I have been going through Ogata Modern Control Engineering book and working through several exercises to improve my understanding of basic control principles. I came across the following example which I am struggling to solve.
I need to come up with the transfer function that models this vibration jig. The questions are as follows:
In this example you will be analysing a vibration test rig (Fig. 1). This system consists of a table of mass M, and a coil whose mass is m. A permanent magnet rigidly attached to the ground provides a steady magnetic field. The motion of the coil, 𝑦, through the magnetic field induces a voltage in the coil that is proportional to its velocity, 𝑦̇, as in Eq. 1. 𝑒 = 𝛼𝑦̇ [eq.1]
The passage of current through the coil causes it to experience a magnetic force proportional to the current as in Eq. 2. 𝐹 = 𝛽𝑖 [eq.2]
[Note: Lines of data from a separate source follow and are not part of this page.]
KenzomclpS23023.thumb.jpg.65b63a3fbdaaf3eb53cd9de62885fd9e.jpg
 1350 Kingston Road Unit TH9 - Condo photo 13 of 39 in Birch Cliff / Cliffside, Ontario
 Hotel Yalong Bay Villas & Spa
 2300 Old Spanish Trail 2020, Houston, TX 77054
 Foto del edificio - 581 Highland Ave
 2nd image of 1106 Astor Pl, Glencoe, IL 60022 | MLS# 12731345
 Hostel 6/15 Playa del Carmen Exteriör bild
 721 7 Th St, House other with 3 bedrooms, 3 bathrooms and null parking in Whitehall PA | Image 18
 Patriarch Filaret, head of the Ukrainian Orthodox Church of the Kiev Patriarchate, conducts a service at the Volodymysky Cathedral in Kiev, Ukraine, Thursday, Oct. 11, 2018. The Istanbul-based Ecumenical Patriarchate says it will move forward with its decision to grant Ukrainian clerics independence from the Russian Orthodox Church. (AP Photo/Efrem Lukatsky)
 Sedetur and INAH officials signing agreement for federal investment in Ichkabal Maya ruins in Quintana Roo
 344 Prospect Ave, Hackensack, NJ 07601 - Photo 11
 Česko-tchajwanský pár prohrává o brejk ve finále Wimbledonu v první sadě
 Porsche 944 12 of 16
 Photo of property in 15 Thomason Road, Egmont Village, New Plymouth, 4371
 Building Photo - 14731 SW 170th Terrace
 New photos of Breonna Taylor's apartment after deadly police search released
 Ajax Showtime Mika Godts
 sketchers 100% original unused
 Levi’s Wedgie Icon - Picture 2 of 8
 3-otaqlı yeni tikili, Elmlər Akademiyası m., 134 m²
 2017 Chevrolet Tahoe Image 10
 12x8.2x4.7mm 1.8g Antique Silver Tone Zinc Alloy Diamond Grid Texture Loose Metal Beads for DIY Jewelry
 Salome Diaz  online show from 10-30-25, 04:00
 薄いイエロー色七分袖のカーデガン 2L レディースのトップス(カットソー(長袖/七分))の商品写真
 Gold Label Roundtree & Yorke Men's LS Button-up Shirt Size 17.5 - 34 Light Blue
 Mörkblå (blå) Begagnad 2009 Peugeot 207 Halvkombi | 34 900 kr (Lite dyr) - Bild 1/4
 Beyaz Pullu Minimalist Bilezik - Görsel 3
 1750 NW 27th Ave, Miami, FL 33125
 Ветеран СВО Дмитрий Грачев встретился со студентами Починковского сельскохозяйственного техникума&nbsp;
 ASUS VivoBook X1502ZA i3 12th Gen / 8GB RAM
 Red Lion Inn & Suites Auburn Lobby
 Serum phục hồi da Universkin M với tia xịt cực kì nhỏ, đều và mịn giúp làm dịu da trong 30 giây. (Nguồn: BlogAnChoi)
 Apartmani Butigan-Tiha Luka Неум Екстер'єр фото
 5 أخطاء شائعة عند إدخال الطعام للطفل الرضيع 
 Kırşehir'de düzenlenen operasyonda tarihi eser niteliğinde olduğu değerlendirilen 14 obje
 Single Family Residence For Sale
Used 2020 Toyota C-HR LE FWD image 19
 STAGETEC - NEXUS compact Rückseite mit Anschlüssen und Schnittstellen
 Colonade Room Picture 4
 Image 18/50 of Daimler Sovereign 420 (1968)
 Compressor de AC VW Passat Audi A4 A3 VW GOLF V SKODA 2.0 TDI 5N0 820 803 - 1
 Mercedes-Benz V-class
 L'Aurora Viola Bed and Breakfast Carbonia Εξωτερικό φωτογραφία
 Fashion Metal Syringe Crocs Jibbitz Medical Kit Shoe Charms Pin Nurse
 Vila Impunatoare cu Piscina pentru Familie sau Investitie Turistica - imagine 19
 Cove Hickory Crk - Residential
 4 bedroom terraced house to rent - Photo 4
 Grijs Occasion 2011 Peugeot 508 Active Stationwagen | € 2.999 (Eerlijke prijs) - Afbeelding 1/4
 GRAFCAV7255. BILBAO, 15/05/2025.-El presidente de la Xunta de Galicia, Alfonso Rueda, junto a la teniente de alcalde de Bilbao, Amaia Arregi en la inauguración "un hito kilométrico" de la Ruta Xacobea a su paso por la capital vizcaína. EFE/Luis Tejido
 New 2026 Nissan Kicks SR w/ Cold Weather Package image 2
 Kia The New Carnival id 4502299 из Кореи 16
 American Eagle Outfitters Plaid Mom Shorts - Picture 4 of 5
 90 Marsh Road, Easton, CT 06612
Question: Obtain a parametric transfer function with output 𝑥 to input 𝑉.
Some questions I am finding hard to answer but affect the whole T.F are:
If K2 and B2 are compressed by a distance Z, (when moving upwards
due to the coil interacting with the magnetic field) does this mean that k1 and b1 are extended by the same distance Z?
m(coil) moves upward by 2cm, does
M(table) also move upwards by 2cm?
What I need to do:
- Come up with two separate free body diagrams, one for the mass M of the table and one for the mass m of the coil.
- Sketch one circuit diagram including back emf.
- Transform to s-domain.
- Solve simultaneously.
What I have done so far:
Draw to separate free body diagrams and extract equations.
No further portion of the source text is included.